When she was in Grade 8, Mchunu relocated to Pietermaritzburg to live with her mother, who was a teacher. She matriculated from St Augustine's in 1985. Mchunu then studied to become a teacher at the Umbumbulu College of Education. She earned a diploma in education and began her teaching career in Zululand in 1990.

==Career==
Mchunu taught at multiple schools in Zululand between 1990 and 2006, when she was elected as an African National Congress councillor in the Uthungulu District Municipality. She served as a regional secretary for the African National Congress Women's League. In 2011, she was elected mayor of the district municipality. During her mayoralty, the district received its first clean audit from the Auditor-General for the 2012/2013 financial year. Following her husband Senzo's election as premier and she becoming First Lady of KwaZulu-Natal in 2013, opposition parties called on her to step down as mayor. She rejected their calls, saying in a 2014 interview with the Zululand Observer: "I think opposition parties are just playing politics."

Following mounting pressure from the ANC, Mchunu's husband, Senzo, resigned as premier in May 2016, causing her to lose the title of First Lady. Prior to the local elections in August 2016, the ANC nominated Nonhle Mkhulisi as their mayoral candidate for the district. The district was also renamed to the King Cetshwayo District Municipality. Mchunu had started the process to change the district's name after she was elected as mayor in 2011.

==Parliamentary career==
Mchunu was elected to the National Assembly in the 2019 general elections from the ANC's KwaZulu-Natal list. She sits on the Portfolio Committee on Environment, Forestry and Fisheries. Her husband currently serves as Minister of Police.

== Candidacy for Regional Chairperson ==
In January 2022, Mchunu was announced as a candidate for regional chairperson of the ANC's Musa Dladla (King Cetshwayo District) region. Mchunu led a slate that included Tholi Gwala as her deputy with former district mayor Lindo Phungula as regional treasurer. She lost to Musa Cebekhulu at the regional conference in May 2022.

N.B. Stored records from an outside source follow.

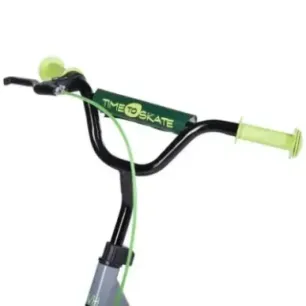 WH113C GRAY SCOOTER NILS EXTREME
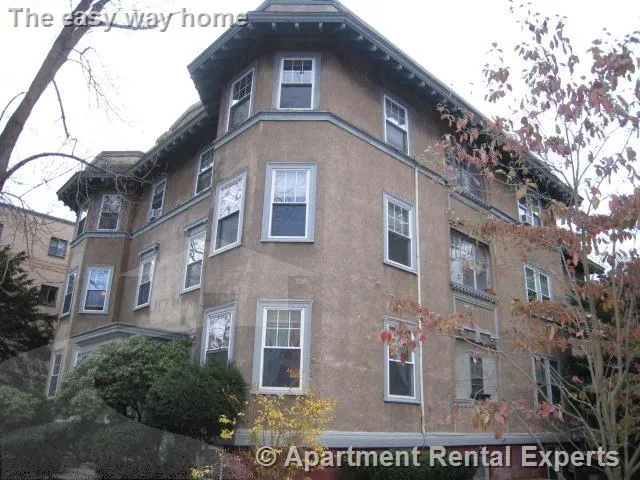 8 Forest St, Porter Square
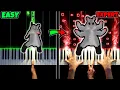 Download Lagu RAT DANCE from EASY to EXPERT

==ANC Women's League presidential bid==
Mchunu stood for the position of president of the African National Congress Women's League at the league's national conference held in July 2023 against former league Secretary-General Sisisi Tolashe and the outgoing president of the Women's League, Bathabile Dlamini. At the conference, it was revealed that Mchunu had received the second highest amount of branch nominations with 796 nominations, behind Tolashe who received the highest amount of branch nominations with 1,564 nominations. Mchunu's presidential bid was ultimately unsuccessful as Tolashe was announced as the league's new president on 23 July 2023, having received 1,729 votes compared to Mchunu's 1,038 votes and Dlamini's 170 votes.

==Personal life==
Mchunu met Senzo Mchunu when she was 16 years old. They married in July 1990. They had a son but he died. She had four more children with Senzo, two boys and two girls. They also have grandchildren.